Output Markets

Photo by Shirly Niv Marton on Unsplash

It sounds ridiculous but doing the right thing often feels like a net cost, rather than a net benefit:

  • It can be a bit of a hassle to sort your garbage; whereas it is pretty easy to dump everything in one bucket;
  • Investing in a solar system for your house costs quite a bit of money and work;
  • It is a bit of a hassle to go to the hospital and do a checkup versus, say, stay at home and play Fortnight;

It gets worse:

This is why incentives work.

Incentives provide an immediate benefit. They sweeten the hassle vs. benefit equation and nudge towards doing the right thing.

More or less sophisticated versions of incentive schemes exist everywhere from China to Switzerland to Brazil and everywhere in-between. Incentives work in facilitating innovation and entrepreneurship, they work in supporting commerce, social schemes and even user acquisition for fast-growing products.

Incentives don’t scale

But incentives are hard to roll out at scale. People need to sign up to some sort of platform. There is often an arcane application process. Sometime fall between qualification criteria. There is some sort of certification process. When it does come, the money takes time. Corruption and abuse are not unheard of .

RELATED: Epic Fail in Sustainable Certification Exposes Flawed System

These challenges multiply exponentially as we move further towards low income, low infrastructure environments. Yet, there is where the highest impact returns could happen.

Output markets

Incentive schemes are typically built around people and soon enough, things get complicated. Rent-seeking. Corruption. Gate-keeping. Hoops to jump through. Some people will invariably be better than others at working the system.

But what if we think away from people and focus on events themselves.
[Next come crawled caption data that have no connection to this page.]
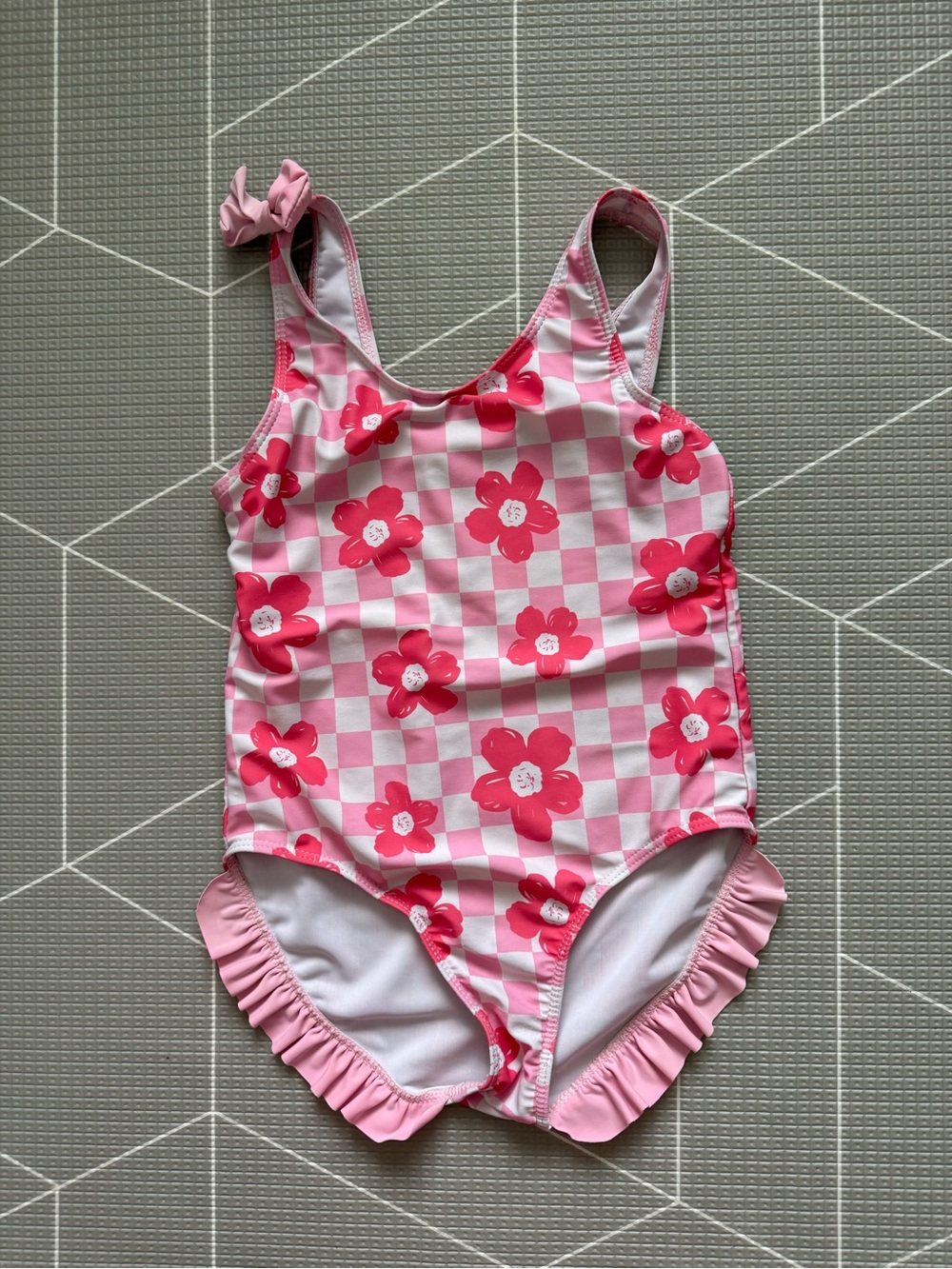 Small shop|Big girl swimsuit,Pink Floral Checkerboard One-Piece Swimsuit,boho•7 - Picture 3 of 7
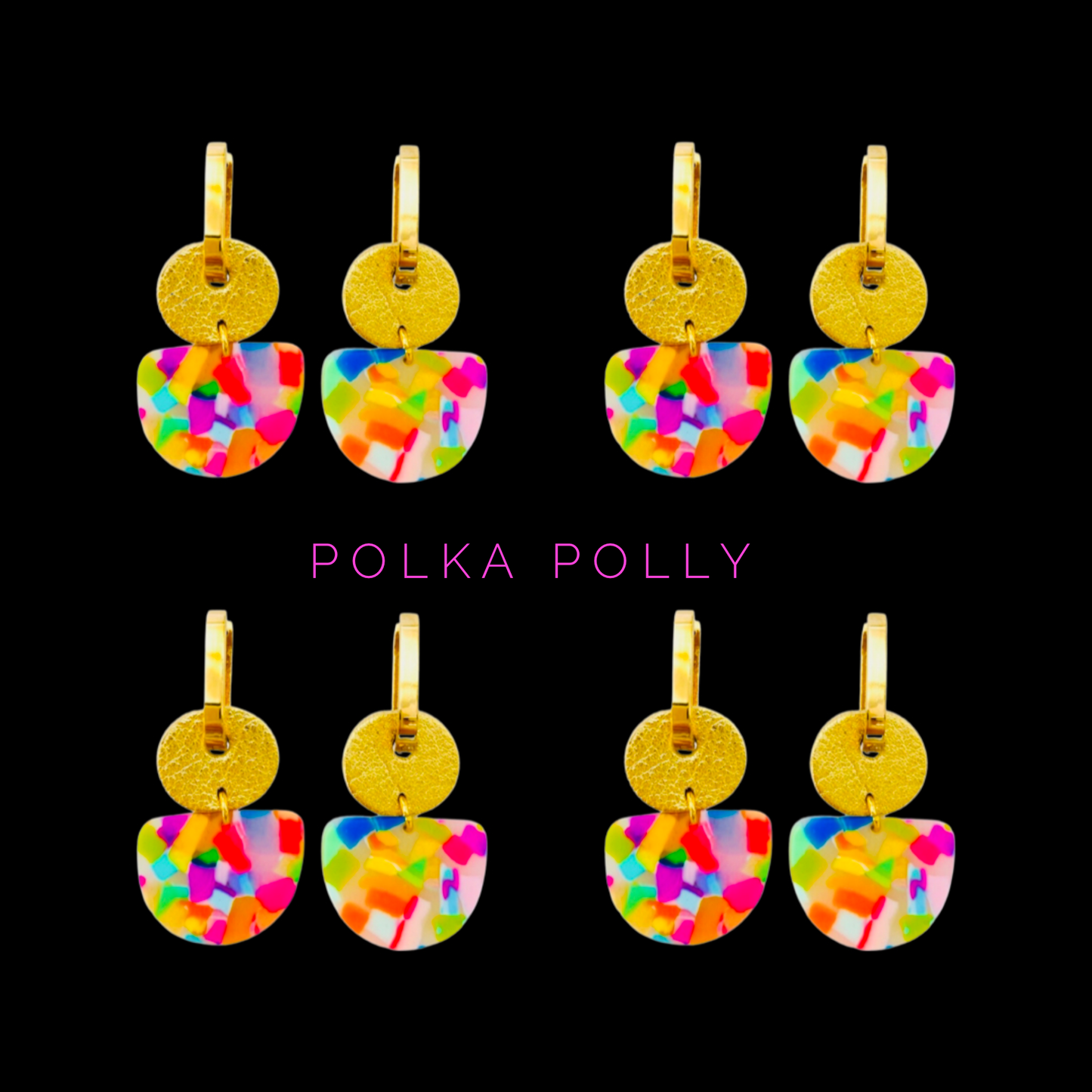Polka Polly Dainty Hoops - Gold Rainbow Confetti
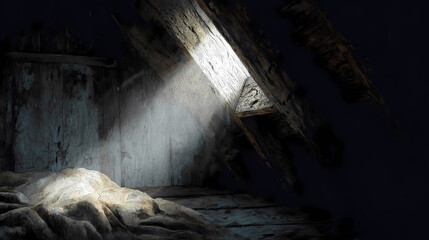 Narrow attic window casting vertical light beam onto moth-eaten blanket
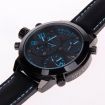 SPEATAK 60145G-6 Men's 3-Quartz Movement Genuine Leather Band Watch - Black + Blue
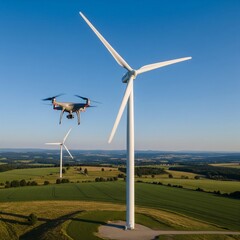 wind turbines farm with drone 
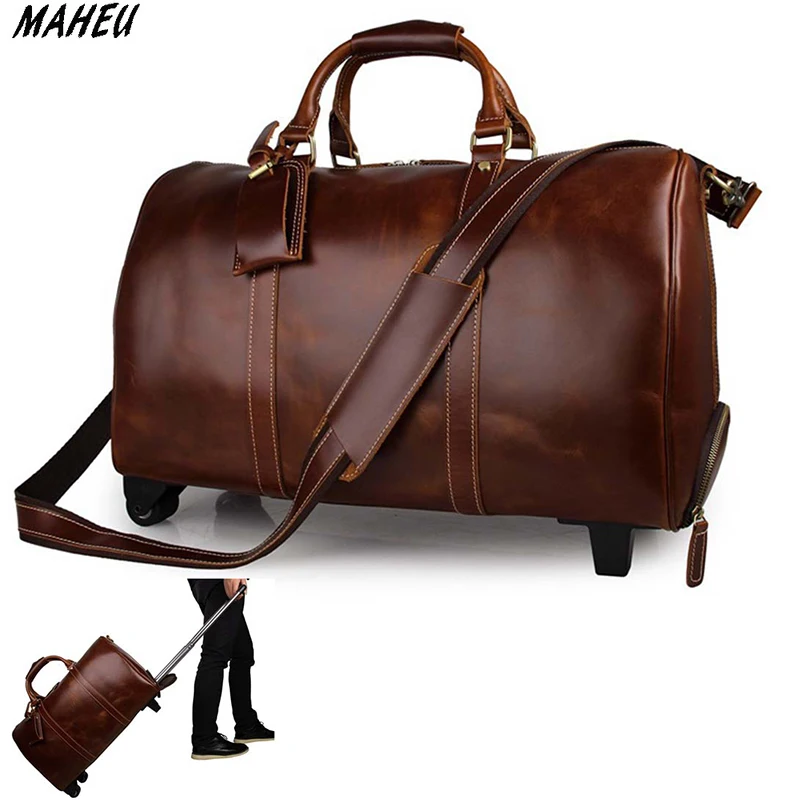 Leder Rädern 21 Type1 Aus Hohe Männer Kapazität Taschen Echtem Trolley Große Qualität Duffle type2 Rot Tasche Reise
The thing that we want people to do:

  1. Define what it is that we want to happen (try to make this an output, not an input);
  2. Put a price on that thing;
  3. Define the proof standards;
  4. Pay the agreed price to ANYONE who satisfies the proof standard, ideally automated.

How may that look in practice?

Let’s look at an example from the health sector. Health care providers – particularly in the private sector – often benefit from prescribing certain medicines or referring patients for specialized & expensive tests. They maximize their profits through back-handers from pharma companies or referral bonuses from laboratories, or straight up through billing for unnecessary treatment. Horror stories abound of patients shuffling about from doctor to lab to pharmacies and back to doctors, months on end.

Could we reverse this by putting a fixed price on the proof that any patient has been cured ?

As proof we’d need only 3 data-points:

  • A positive lab test associated with an (anonymized) ID of the patient – this can easily be done with some sort of biometric tech/ smart device appended to a lab instrument;
  • A subsequent negative lab test, associated with an anonymized ID of the patient;
  • A check that the patient ID is the same;

That’s it. Upon verifying these three data-points, any provider – from the local village medicine man all the way to the owner of the largest medical franchise in the country – will receive the same agreed price. This might change the economics of actually treating patients and lead to a higher treatment rate.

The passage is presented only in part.